I think that rather supports the claim that backwards compatibility is a problem for OOXML. I see no claim in there about any deliberate obfuscation.

> These behaviours such as “autoSpaceLikeWord95” , “useWord97LineBreakRules” and “useWord2002TableStyleRules” are not defined.

Amazing that these things can be part of a standard, it even has the propietary names(Word97, Word2002), it's just pure malice to propose that horrible software functionality as a standard. I guess the 6k pages really made it hard to properly review it.

You are mistaken. The tricks they used to get OOXML standardized[1] leave no room for doubt that they have been intentionally making interoperability harder.

[1]: Wikipedia has an article about that: https://en.wikipedia.org/wiki/Standardization_of_Office_Open....

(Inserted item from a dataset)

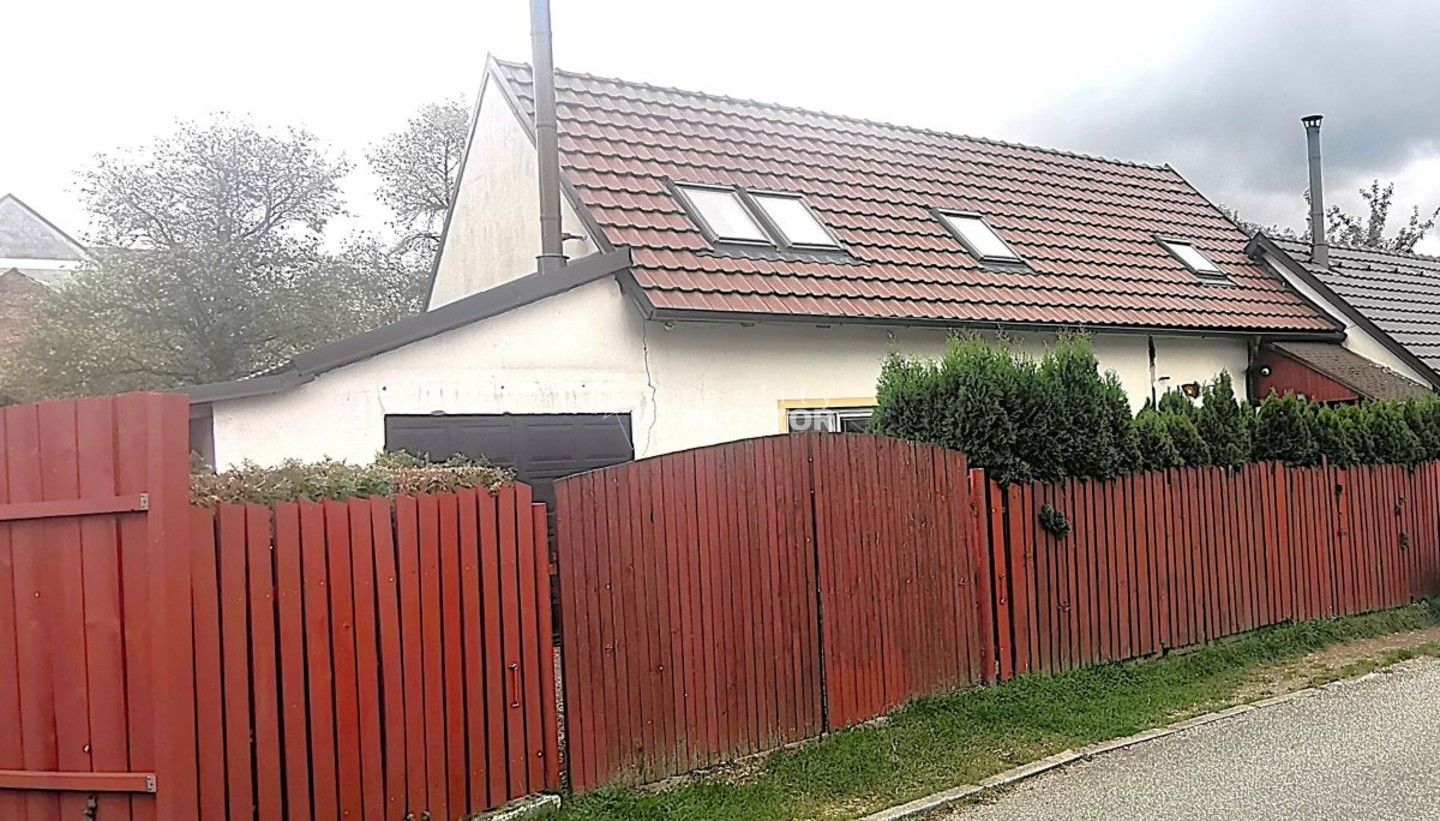 Prodej rodinný dům - Lipůvka, 152 m²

You've linked to Wikipedia but there is no evidence there supporting your claim. In fact the criticism section includes pro-ODF supporters claiming the exact opposite:

> The ODF Alliance UK Action Group has stated that [...] the Office Open XML file-format is heavily based on Microsoft's own Office applications and is thus not vendor-neutral

If you've ever seen the specs for the old, binary office formats (they can be obtained) then you'd know that they are very complex indeed and that their OOXML siblings are pretty much direct encodings of the same data structures with some adaptations for the limits of XML. There is no credit to the argument that Microsoft deliberately made the OOXML office formats complex compared with the existing binary formats.

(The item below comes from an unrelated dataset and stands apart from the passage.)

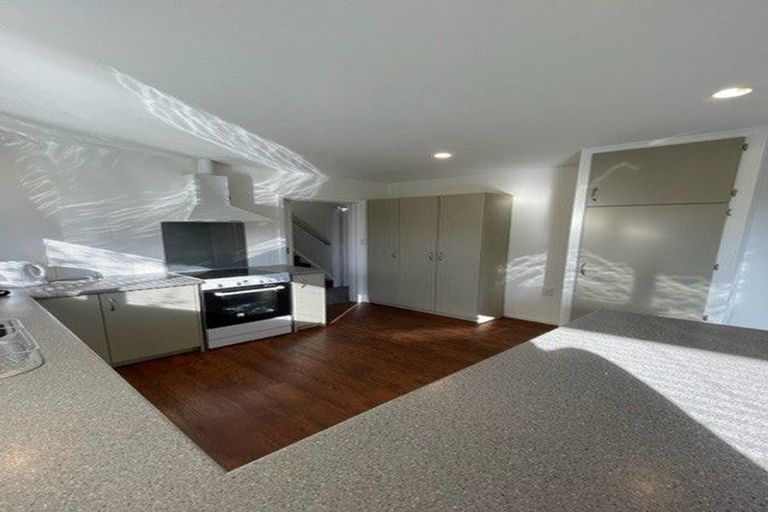 Photo of property in 9 Powell Crescent, Ilam, Christchurch, 8041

It's true that Microsoft pushed hard to get OOXML through the ISO, but the reason for that is clear: they wanted an open standard that was 100% compatible with existing Office documents. Something like ODF which lacks many of the features of Office would not do. It also makes their developer's lives a lot easier if they can specify a standard which describes their software's current behaviour. This is exactly what what Adobe did with the PDF ISO standard (1000+ pages) and nobody complains about that.

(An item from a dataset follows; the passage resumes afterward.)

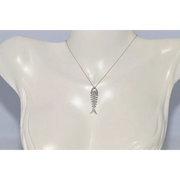0.21 ct natural diamond pendant in gold setting elegant minimalist fine jewelry necklace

You are replying to a claim I did not make, that OOXML was not based on Microsoft Office XML or that the XML formats were made more complex than the binary formats.
Anecdotally, Libreoffice has better compatibility with older versions of MS Office than current versions of MS Office, so I'm not sure you have any more evidence for "the reason" than the person you're replying to has for the "conspiracy theory."